The film was directed by Wolfgang Hübner, who got his start as an actor at DEFA in the early fifties, but switched to directing in 1972 with the TV-adaptation of Radij Pogodin’s play Nur ein Spaß (Just a Joke). Most of his work, both before and after the Wende, has been in legitimate theater and television. He has contributed work to several popular television shows, including Alle meine Töchter (All My Daughters), Jenny & Co., and Um Himmels Willen (For Heaven’s Sake).
Death is played by Dieter Franke, an actor best known for comedy. The son of a stage designer, working as a props man and an extra in the theater in Greiz. He started working in films and television after he came to Berlin in 1963. Over the years, he played everything from an SS man in The Adventures of Werner Holt to the Devil in The Devil’s Three Golden Hairs. He was scheduled to play the car accident spirit in Motoring Tales, but died in 1982 at the age of 48.
Jörg is played by Jan Spitzer. Spitzer’s first film, Farewell, should have been a bigger hit, but it barely made it past the censors, and received only limited distribution. In spite of this, Spitzer went on to have a successful career at DEFA. Since the Wende, he has gone on to become one of the leading voice actors in Germany, often dubbing the voices of Chris Cooper and Danny Trejo.

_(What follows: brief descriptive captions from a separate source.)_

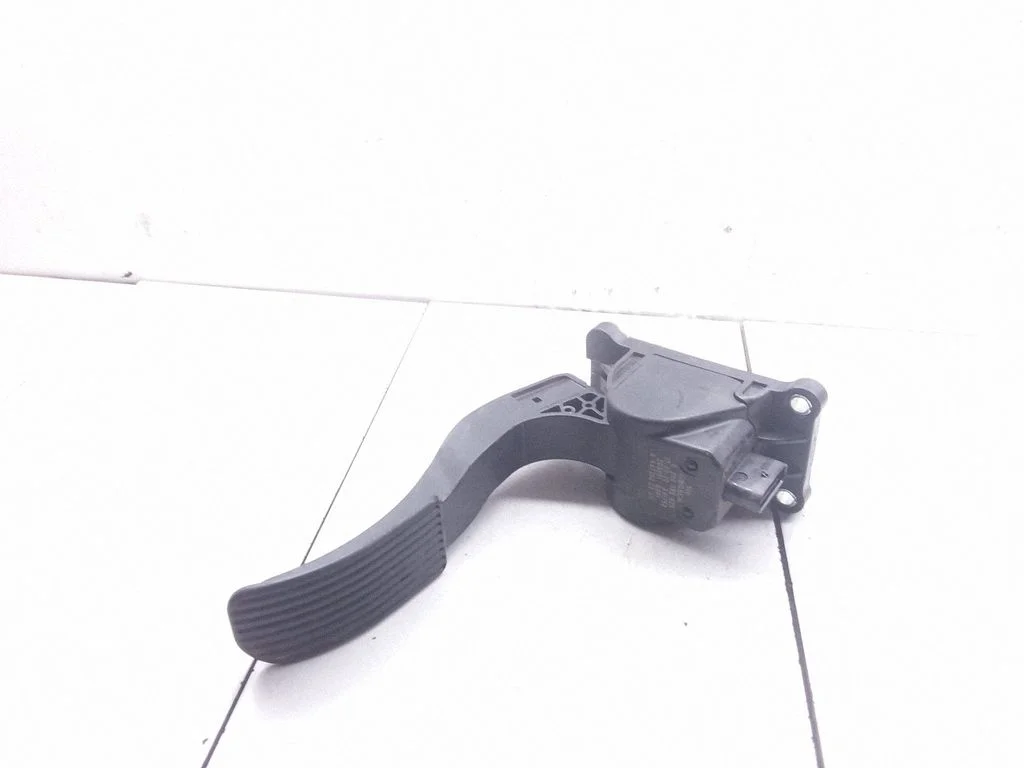 Accelerator throttle pedal – Mercedes-Benz Sprinter W906 (2006-2018)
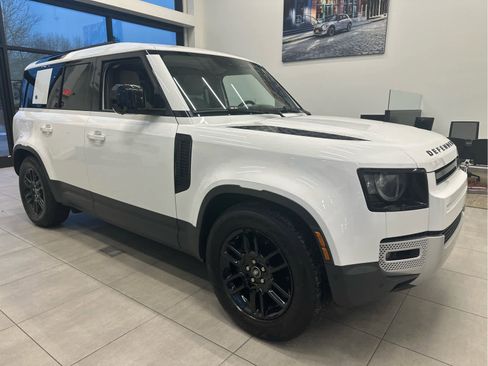 Used 2024 Land Rover Defender 110 S image 7
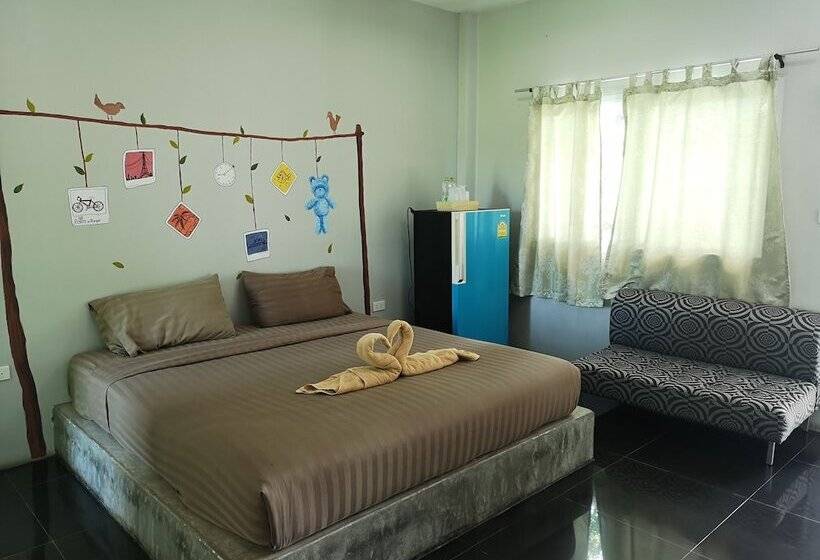 فندق The Palm Village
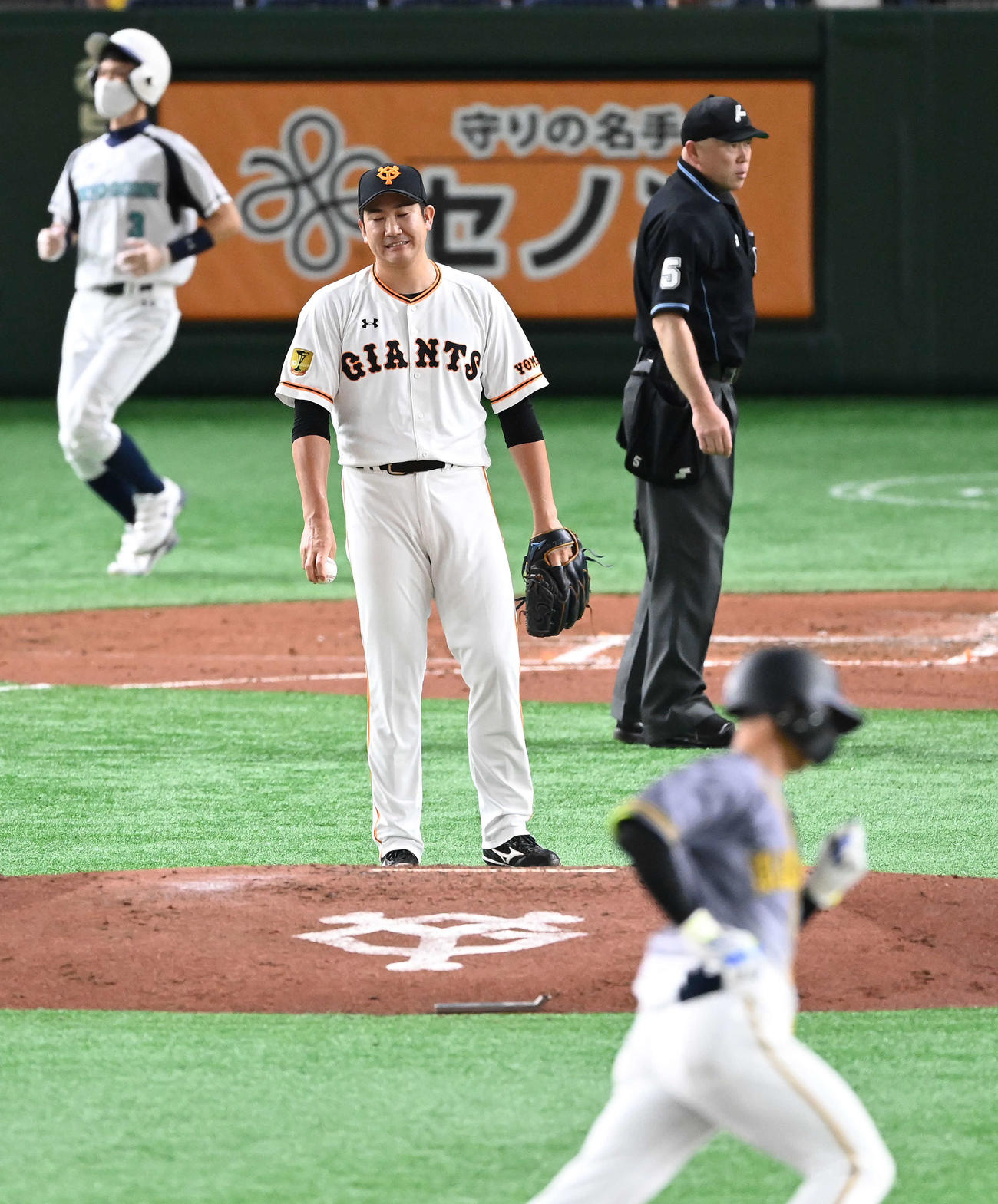 巨人対阪神　3回表阪神2死、近本に右越えソロ本塁打を浴びる菅野（撮影・鈴木みどり）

Barbara is played by Janina Hartwig, who is best known these days as Sister Hanna on Um Himmels Willen. Her first film was Disko mit Einlage (Disco Interlude), followed by several more made-for-TV movies (including this one). She first appeared on the big screen in Der Bärenhäuter (The Bear Skin), another Grimms’ fairytale. Still young at the time of the Wende, and already mostly working in television, reunification had less impact on her career than it did for some of the others at DEFA. She continued working television and has appeared in dozens of TV shows.

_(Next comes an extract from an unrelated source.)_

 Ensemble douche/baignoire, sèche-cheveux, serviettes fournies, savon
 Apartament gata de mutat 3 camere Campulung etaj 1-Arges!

Inevitably, with the perspective of history, we can see parallels to the tale here and the fate of the GDR. With its efforts to keep the republic in the hands of the SED, the government had essentially snuffed the life out of its socialist ideals, creating a country that continued to exist after the joy of existence was gone. As it was originally shown on television, there are no box office figures for the film, but it was well received by the critics. As an example of an East German fairytale film, though, it is a bit of an anomaly. It lacks to eye-bleeding colors and over-the-top set designs of the earlier fairytale films. For that reason, it might be overlooked, but it is still worth checking out.